Se déployant en deux volets, le plan solidaire prévoit dans un premier temps des mesures pour soutenir le monde agricole et renforcer sa capacité de production, notamment en misant sur une main-d’oeuvre locale avec des incitatifs financiers. Le plan prévoit également l’autorisation de l’accès aux services de garde d’urgence pour les enfants d’agriculteurs et agricultrices ainsi que l’augmentation des seuils de production hors quota pour les petits producteurs.
Parallèlement, le plan comprend une série de changements réglementaires pour encourager la mise en place de Jardins de la victoire inspirés de ceux de la Deuxième Guerre mondiale. En 1943, près de 60% de la population des États-Unis avait un potager. Cette année-là, 42% des légumes consommés provenaient des potagers citoyens. Visant à stimuler le jardinage citoyen, la mesure stimulerait la production alimentaire dans l’ensemble des municipalités du Québec.
Plan d’indépendance alimentaire de Québec solidaire
Soutenir le monde agricole : faire fonctionner les fermes à plein régime
  • Subventionner une partie des salaires des employés agricoles en instaurant une prime salariale de 4$ l’heure pour les travailleurs et travailleuses agricoles.

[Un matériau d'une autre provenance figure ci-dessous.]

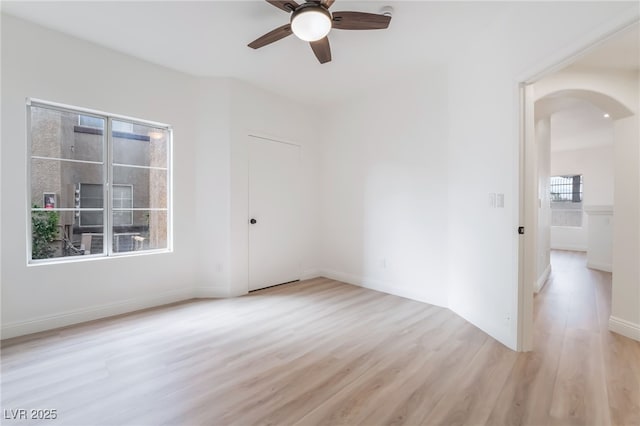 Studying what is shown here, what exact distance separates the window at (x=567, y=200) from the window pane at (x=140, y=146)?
10.2 meters

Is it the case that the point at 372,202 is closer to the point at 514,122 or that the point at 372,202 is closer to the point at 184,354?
the point at 514,122

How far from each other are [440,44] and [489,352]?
2905 millimetres

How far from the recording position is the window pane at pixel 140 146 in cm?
325

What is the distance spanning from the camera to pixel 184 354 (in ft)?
7.51

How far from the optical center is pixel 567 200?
8.30m

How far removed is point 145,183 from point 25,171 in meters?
1.04

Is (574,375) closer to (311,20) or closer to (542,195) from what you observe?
(311,20)

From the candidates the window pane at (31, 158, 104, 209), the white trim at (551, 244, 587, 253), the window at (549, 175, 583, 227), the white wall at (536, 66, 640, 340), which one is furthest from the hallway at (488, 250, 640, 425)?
the window at (549, 175, 583, 227)

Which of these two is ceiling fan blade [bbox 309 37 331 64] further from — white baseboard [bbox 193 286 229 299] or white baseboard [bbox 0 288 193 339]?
white baseboard [bbox 0 288 193 339]

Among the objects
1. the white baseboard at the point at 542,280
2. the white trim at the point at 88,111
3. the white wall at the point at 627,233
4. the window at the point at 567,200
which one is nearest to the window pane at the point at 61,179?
the white trim at the point at 88,111

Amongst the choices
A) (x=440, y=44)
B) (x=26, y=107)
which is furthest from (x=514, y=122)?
(x=26, y=107)

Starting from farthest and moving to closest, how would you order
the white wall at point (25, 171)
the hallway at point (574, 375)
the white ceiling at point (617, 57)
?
the white wall at point (25, 171) < the white ceiling at point (617, 57) < the hallway at point (574, 375)

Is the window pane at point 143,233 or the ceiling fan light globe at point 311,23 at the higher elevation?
the ceiling fan light globe at point 311,23

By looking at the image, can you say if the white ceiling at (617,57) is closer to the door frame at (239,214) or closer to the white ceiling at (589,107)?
the white ceiling at (589,107) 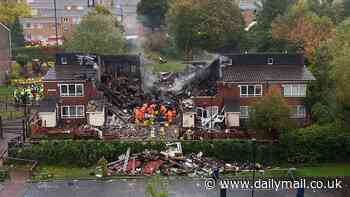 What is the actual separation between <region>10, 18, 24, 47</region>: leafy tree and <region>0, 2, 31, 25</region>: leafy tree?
1.31 m

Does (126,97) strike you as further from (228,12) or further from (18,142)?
(228,12)

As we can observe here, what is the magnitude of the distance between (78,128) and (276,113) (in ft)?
47.1

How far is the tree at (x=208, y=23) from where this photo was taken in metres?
63.6

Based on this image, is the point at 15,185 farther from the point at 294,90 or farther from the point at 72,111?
the point at 294,90

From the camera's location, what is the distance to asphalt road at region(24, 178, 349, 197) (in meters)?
33.7

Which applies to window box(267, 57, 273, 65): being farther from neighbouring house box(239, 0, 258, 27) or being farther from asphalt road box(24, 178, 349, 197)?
neighbouring house box(239, 0, 258, 27)

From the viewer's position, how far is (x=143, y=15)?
3268 inches

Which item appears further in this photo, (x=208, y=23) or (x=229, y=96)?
(x=208, y=23)

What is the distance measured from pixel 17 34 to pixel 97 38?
2088 cm

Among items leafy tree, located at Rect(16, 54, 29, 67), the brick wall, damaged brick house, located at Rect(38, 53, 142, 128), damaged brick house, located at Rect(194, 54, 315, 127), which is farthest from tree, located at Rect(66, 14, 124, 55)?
damaged brick house, located at Rect(194, 54, 315, 127)

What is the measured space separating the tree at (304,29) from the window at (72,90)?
2117 cm

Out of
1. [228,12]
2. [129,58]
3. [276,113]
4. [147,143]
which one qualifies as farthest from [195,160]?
[228,12]

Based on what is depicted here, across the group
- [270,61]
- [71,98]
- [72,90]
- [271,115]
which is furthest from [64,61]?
[271,115]

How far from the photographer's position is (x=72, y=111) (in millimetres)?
45750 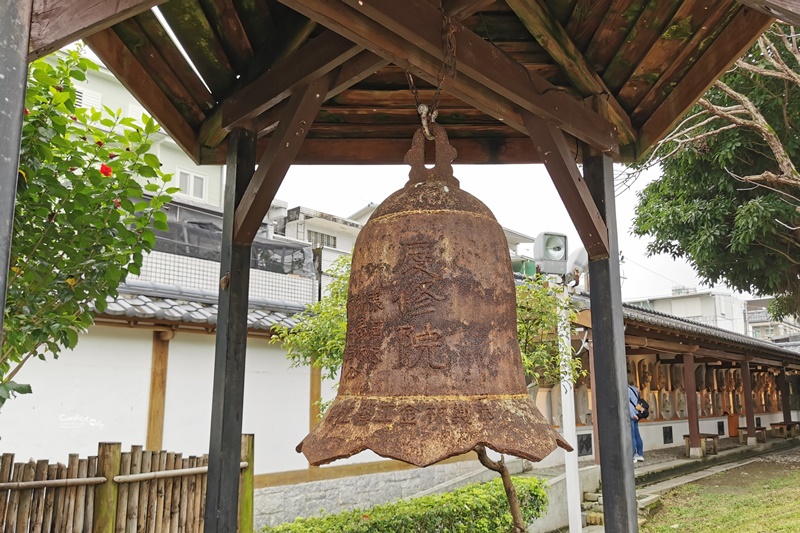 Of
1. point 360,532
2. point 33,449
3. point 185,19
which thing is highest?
point 185,19

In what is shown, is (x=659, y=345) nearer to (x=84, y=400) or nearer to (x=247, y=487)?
(x=247, y=487)

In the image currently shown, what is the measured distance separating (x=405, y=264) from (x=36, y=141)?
86.1 inches

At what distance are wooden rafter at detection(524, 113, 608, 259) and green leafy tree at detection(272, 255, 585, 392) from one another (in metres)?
4.08

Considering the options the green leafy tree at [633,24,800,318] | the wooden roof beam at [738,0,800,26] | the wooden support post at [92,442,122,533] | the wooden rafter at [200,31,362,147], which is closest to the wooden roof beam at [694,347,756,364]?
the green leafy tree at [633,24,800,318]

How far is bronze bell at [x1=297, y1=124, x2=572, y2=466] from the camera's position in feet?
6.81

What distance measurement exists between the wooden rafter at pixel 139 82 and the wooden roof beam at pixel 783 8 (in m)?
2.36

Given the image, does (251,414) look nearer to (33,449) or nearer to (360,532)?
(33,449)

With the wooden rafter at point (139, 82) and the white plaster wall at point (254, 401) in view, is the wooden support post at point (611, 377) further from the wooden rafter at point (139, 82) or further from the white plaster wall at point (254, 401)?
the white plaster wall at point (254, 401)

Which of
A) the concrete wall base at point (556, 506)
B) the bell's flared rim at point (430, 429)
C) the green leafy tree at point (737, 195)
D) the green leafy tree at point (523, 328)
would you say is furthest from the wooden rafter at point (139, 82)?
the green leafy tree at point (737, 195)

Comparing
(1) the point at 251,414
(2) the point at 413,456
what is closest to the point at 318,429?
(2) the point at 413,456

  • Stimuler le recrutement d’une main-d’œuvre agricole locale en permettant aux personnes qui le souhaitent, retraité-es ou personnes sans emplois, d’être formées et rémunérées pour travailler sur une ferme pour la saison estivale sans pénalité sur les prestations reçues;
  • Augmenter les seuils de production hors quota pour les petits producteurs, notamment pour les œufs et la volaille;
  • Autoriser l’accès aux services de garde d’urgence pour les enfants d’agriculteurs et d’agricultrices;
  • Reconnaître les marchés publics et kiosques à la ferme dans la liste des « services essentiels ».

    Instaurer les Jardins de la Victoire : cultiver partout où c’est possible

  • Encourager les potagers collectifs et le jardinage citoyen dans toutes les municipalités du Québec;
  • Autoriser la culture potagère en cour avant dans l’ensemble des municipalités du Québec;
  • Convertir les serres ornementales publiques municipales et privées vers la production maraîchère;
  • Convertir un maximum d’espaces prévus pour l’ornementation florale municipale en espaces de culture maraîchère.